For instance, female writers tend to choose grammatical terms that apply to personal relationships, such as "for" and "with," more frequently than men do.
"Women have a more interactive style," said Shlomo Argamon, a computer scientist at the Illinois Institute of Technology in Chicago who developed the program. "They want to create a relationship between the writer and the reader."
Men use more numbers, adjectives and determiners - words such as "the," "this" and "that" - because they apparently care more than women do about conveying specific information.
Argamon said the intent of male writers often was to say: "Here's something I want to tell you about, and here are some things about it."

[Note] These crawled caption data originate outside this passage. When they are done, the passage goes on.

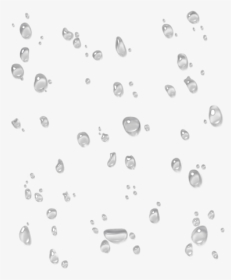 #ftestickers #raindrops - Black-and-white, HD Png Download, Transparent PNG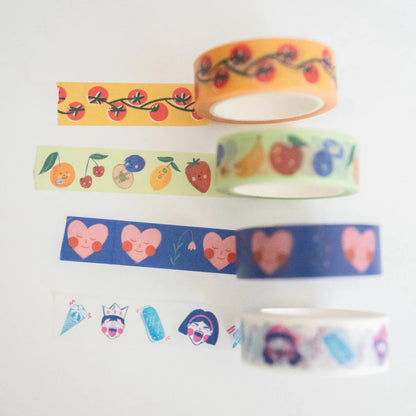 Heart Heads Washi Tape - Hey Sooj
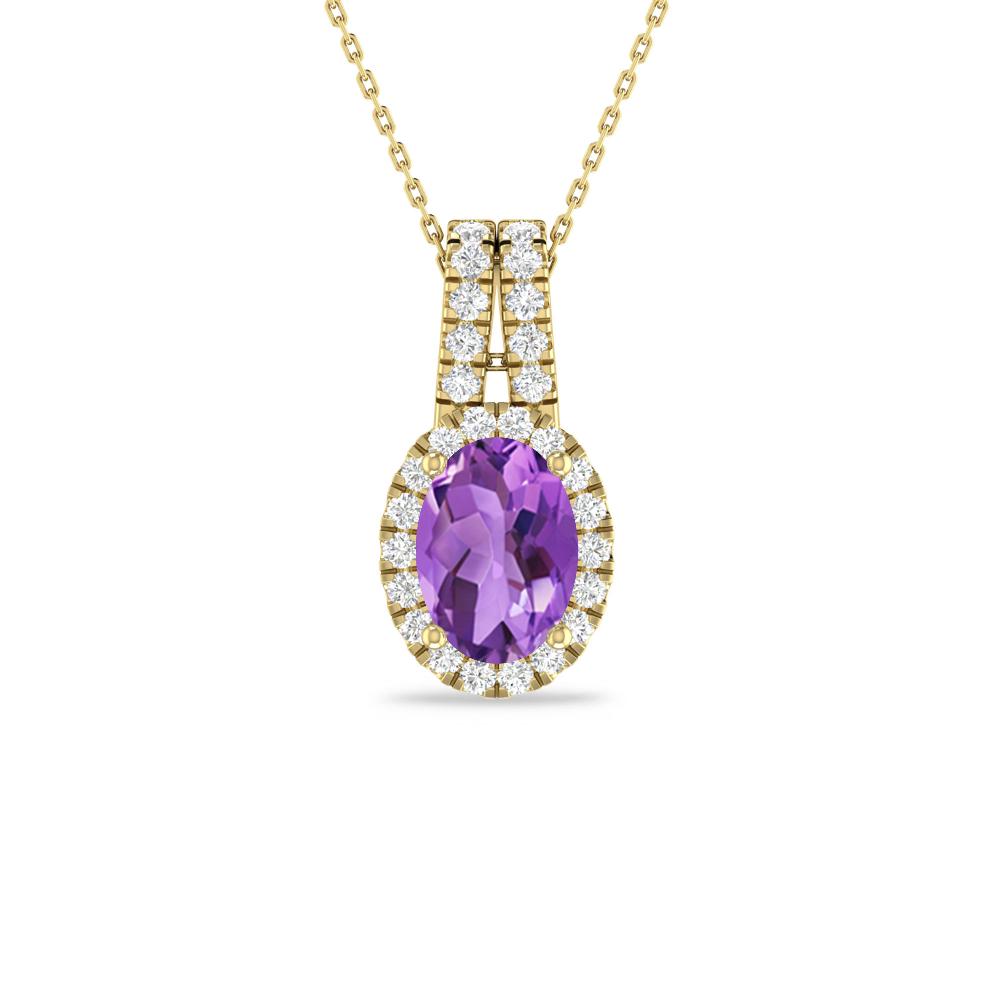 Yellow Gold - Amethyst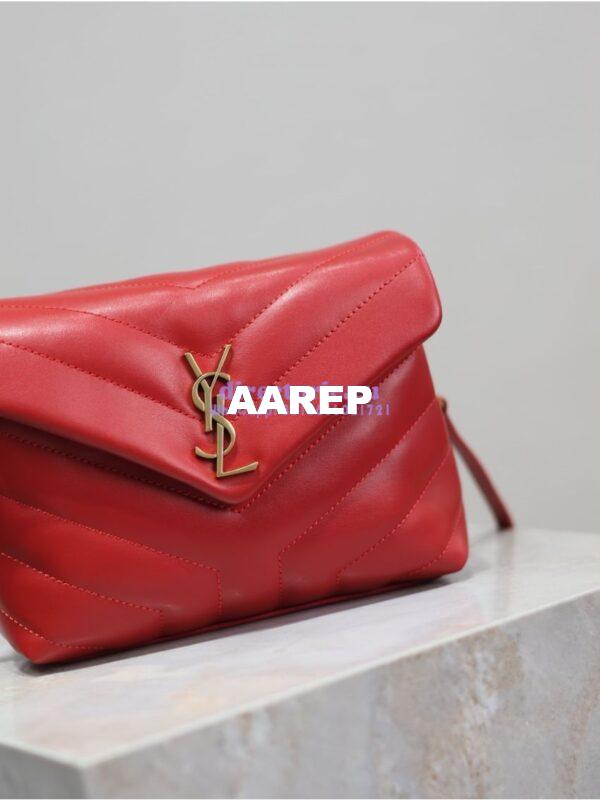 Replica Yves Saint Laurent YSL Loulou Toy Bag In Matelassé "Y" Leather 467072 Red 7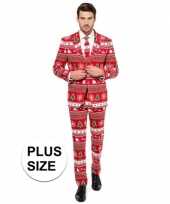 Grote maten man kostuum met kerstboom print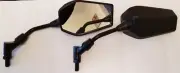 CARBON LOOK MIRRORS PAIR FOR Aprilia Mana 850 2010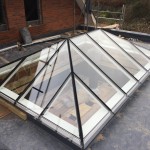 Timber Roof Lantern assembly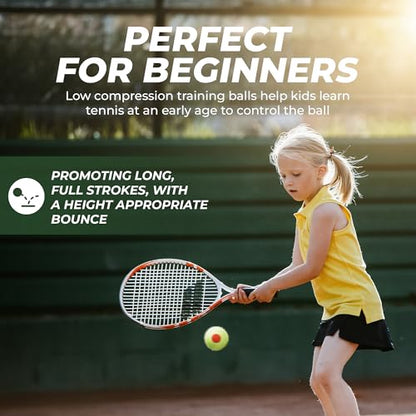 Tourna Orange Dot Low Compression Transition Tennis Balls - style: 18 Pack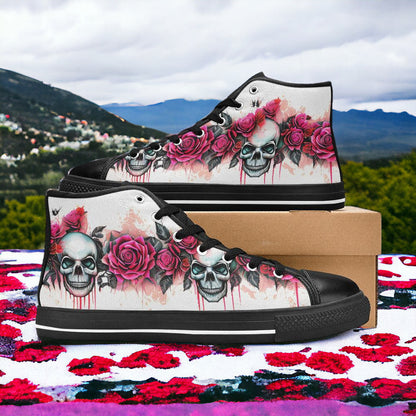 Peacock Vivid Multicolor Custom MEN Bold Art - Freaky Shoes | Custom Art Sneakers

Women, he found, write the pronoun "she" more often than men do, although both sexes use "he" about equally.
Argamon said it wasn't clear what psychological or sociological differences between men and women might explain the differences in their writing styles. "It's a subject for further research," he said.
Other experts, such as Deborah Tannen, a linguistics professor at Georgetown University in Washington, have popularized the idea that men and women have different styles of communicating. But Argamon's work is the first to show such distinctions in writing.

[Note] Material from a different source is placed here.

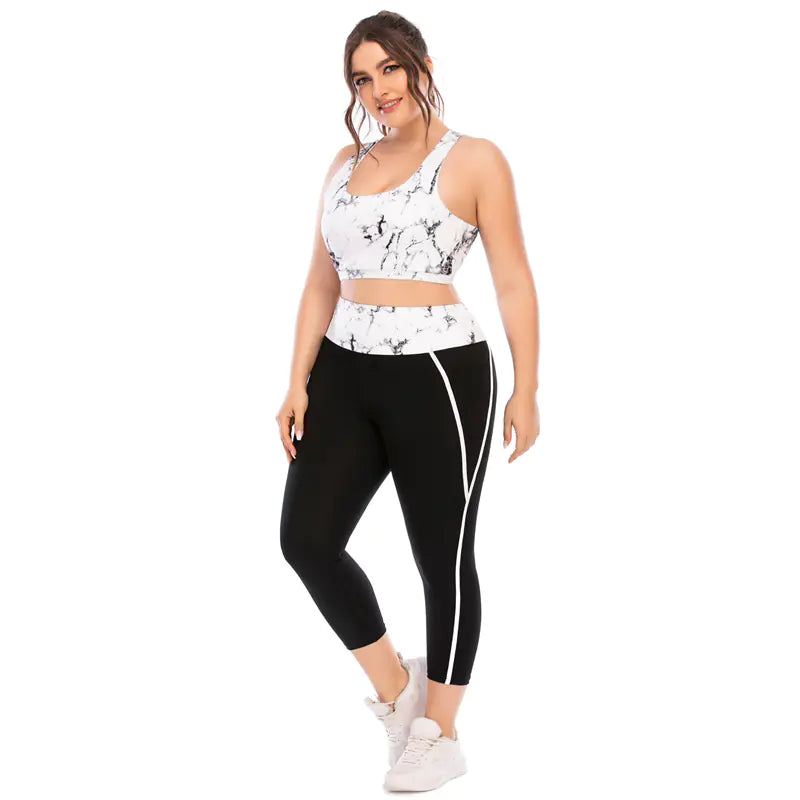 Women's Plus Size Tracksuit Set -2-Piece Yoga & Gym Activewear - My Store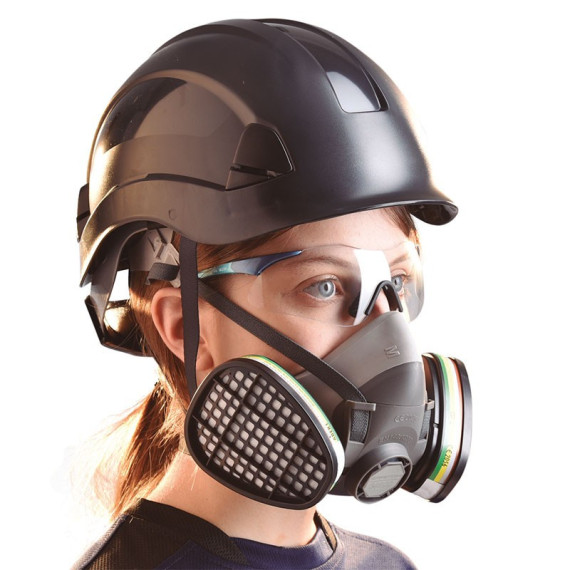 Very soft class 1 buccal-nasal semi-mask made of hypoallergenic rubber SAFETOP.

"This is surprising since, unlike conversation, writing a book or an article does not involve direct social interaction," he said.
Argamon said his program correctly determined the sex of the author in 80 percent of the works it checked. One it missed was A.S. Byatt's best-selling novel Possession. The computer said it was written by a man; Byatt is a woman. Michael Frayn's science fiction tale A Landing on the Sun was misidentified as the work of a woman.

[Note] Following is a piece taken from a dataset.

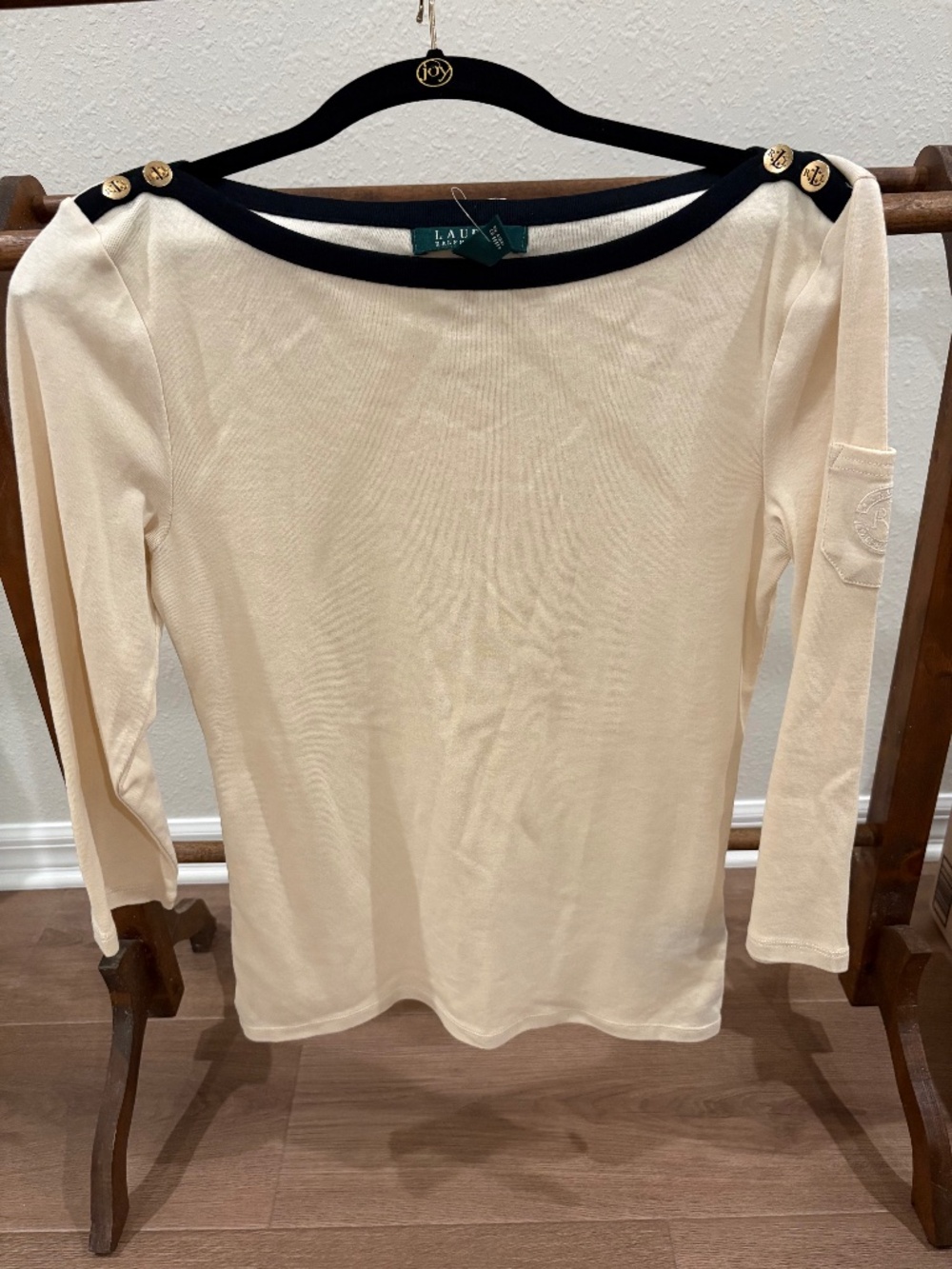 Ralph Lauren Women’s 3/4  Sleeve Boat Neck Top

Argamon's gender program is part of a much broader technique called "stylometry," which analyzes styles not only of writing, but also of music, graphics, art and architecture.
A practical application of stylometry, he said, would be to identify writers of anonymous communications, such as the Unabomber, on the basis of their writings.
To carry out his project, Argamon and colleagues analyzed the texts of 566 British books and articles, fiction and nonfiction, taken from the huge computer database called British National Corpus.
From that mass of almost 20 million words, the computer program WINNOW extracted 1,081 distinctive "features," such as prepositions, pronouns and adjective phrases. It checked the use of verb forms such as "go" and "going." It also counted punctuation marks such as dashes and exclamation marks.
After running repeatedly through these features, the computer winnowed the list down to 128 significant contrasts. The results indicated that the words favored most heavily by men were what grammarians call determinative words such as "the," "a," "as," "that" and "one." Female writers favored "she" and relationship words such as "for," "with," "in," "and" and "not."
When Argamon then tested his program on other texts, it succeeded 80 percent of the time in identifying the sex of an anonymous writer.
Argamon and fellow researchers Moshe Koppel and Anat Shimoni published a report on their work in the April edition of the journal Literary and Linguistic Computing.